The career plan starts with your current status and proceeds to your Grand Goal through the intermediate steps required to achieve that goal. Indicate after "Job or Title or Position" your objective for the given date. Indicate after "Salary" an objective salary for each step based on your own desires and knowledge of the job market. The "Prerequisites" for each step are the requirements you must satisfy in order to proceed from the previous step, such as additional experience in a given discipline, improvement of a certain skill, additional education, or a professional certification.

The columns start with "Today", your current status. The "Tomorrow" column lists your immediate objectives for your next job change. The subsequent columns can be spaced chronologically as appropriate. I suggest setting objectives for 3, 5, and 10 years from now, as those milestones are commonly asked about in interviews. The final column is headed "Grand Goal" with the additional requirement of your having to establish the date by which you would like to attain that goal.

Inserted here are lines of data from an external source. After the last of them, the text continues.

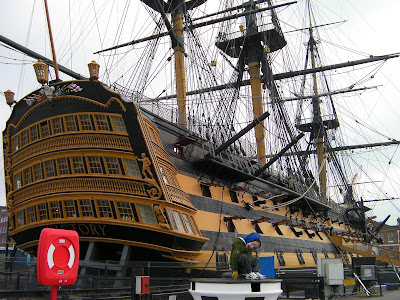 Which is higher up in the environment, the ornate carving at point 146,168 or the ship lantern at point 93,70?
the ship lantern at point 93,70

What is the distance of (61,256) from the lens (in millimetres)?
4492

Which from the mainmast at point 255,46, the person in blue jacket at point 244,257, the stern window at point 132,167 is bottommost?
the person in blue jacket at point 244,257

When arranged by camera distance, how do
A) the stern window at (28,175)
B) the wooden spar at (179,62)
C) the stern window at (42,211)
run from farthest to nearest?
the wooden spar at (179,62) → the stern window at (28,175) → the stern window at (42,211)

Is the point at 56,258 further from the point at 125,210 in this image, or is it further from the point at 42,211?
the point at 42,211

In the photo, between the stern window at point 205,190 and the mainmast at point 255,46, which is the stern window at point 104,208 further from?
the mainmast at point 255,46

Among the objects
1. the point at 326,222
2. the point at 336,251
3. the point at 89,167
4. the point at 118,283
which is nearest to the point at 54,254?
the point at 118,283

All of the information for the intermediate steps in your Career Plan may not be recordable as yet. At this point, however, you should know where you are today; perhaps where you want to be tomorrow; and the details of your Grand Goal. As you continue the process of job hunting, the additional information will begin to develop and should be complete by the time you select your next job.

The information in this chart is dynamic. You will be updating it continually. Salary figures might be revised regularly because of inflation if nothing else and because of changing expectations and opportunities. More intermediate steps wall be added and more prerequisites will be listed as you learn more about yourself and your career field, both while job hunting and after securing your new job.

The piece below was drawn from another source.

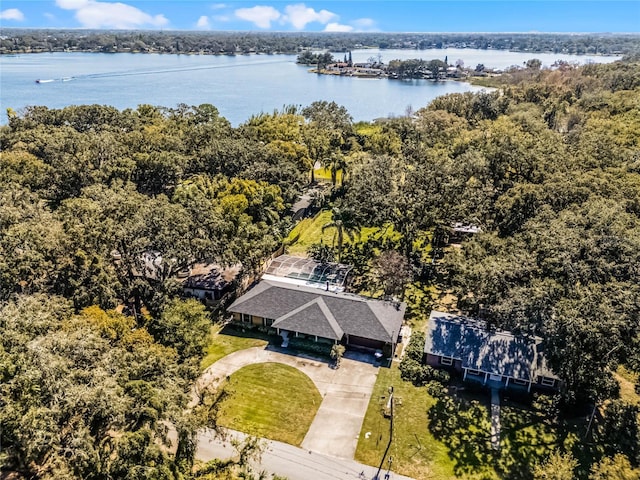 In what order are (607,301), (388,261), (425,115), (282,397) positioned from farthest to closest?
1. (425,115)
2. (388,261)
3. (282,397)
4. (607,301)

DETERMINING YOUR CRITICAL CRITERIA

The final exercise in your homework, preliminary to the actual job hunt, is the determination of the factors that are important to you in your work environment. You need to identify these factors now so that you may intelligently investigate and evaluate your subsequent job alternatives. To do this, fantasize again.

Imagine you have a job that is minimally acceptable on all conceivable points. The job satisfies, just barely, all of your needs and wants. You are comfortable in the job but not ecstatic. Then one day Super boss walks up to your desk and says, "I have good news. Today, I am going to grant you one wish and only one wish. I will improve for you any factor of your job environment. The improvement will be significant but within reason. Everything else will remain unchanged. So what is most important to you? What do you want me to improver?

How will you answer? Do you want a higher salary or shorter hours or a bigger office or a better title or more challenge or what? Table 1 lists possible factors for you to consider. Don't restrict yourself to only those items listed. Add any others that you consider to be important.

Suppose, after careful thought, you answered, "Great, I would like a company car!" You have determined that, all things being equal, a company car is the most important factor to you in your work environment.

Suppose then that Super boss, unfortunately, responds, I’m terribly sorry. I forgot to tell you that a company car is one factor I can’t do anything about. It's out of my hands. Please accept my apologies, but don't be discouraged. Tell me what the next most important factor to you is.

After you bury your disappointment and think again about your priorities, suppose you answer, "If I can’t have a company car, and everything else stays the same, I'd like to markedly increase the scope of my responsibilities to be approximately twice what it is now." You have determined that responsibility is the second most important factor to you.

However, Superboss laughs nervously and tugs at his collar, He says, 'This is quite embarrassing, but responsibility is the only other thing that I simply have no control over. Please, try again. If everything else remains the same, what is the next most important factor to you?

You play this game with the mythical Superboss at least ten times or as many times as the number of work environment factors on your list. When you are finished, you have a comprehensive list, in descending order, of the Critical Criteria that are important to you in your job. You will use these criteria as points of investigation when interviewing potential employers, as a response to a commonly asked interview question, and as factors of evaluation when deciding among various job offers. Your most important criteria can be used to establish specific objectives for your next job, such as a target salary for a specific title or a given geographic location or a switch into a desired industry.

Notice that money normally does not rank as the most important reason. Therefore, do not feel surprised or disappointed if it is not at the top of your list. Of course, if it is most important to you, list it first. You may simply be more honest than everyone else.

You are now ready to begin your study of aggressive job-hunting techniques.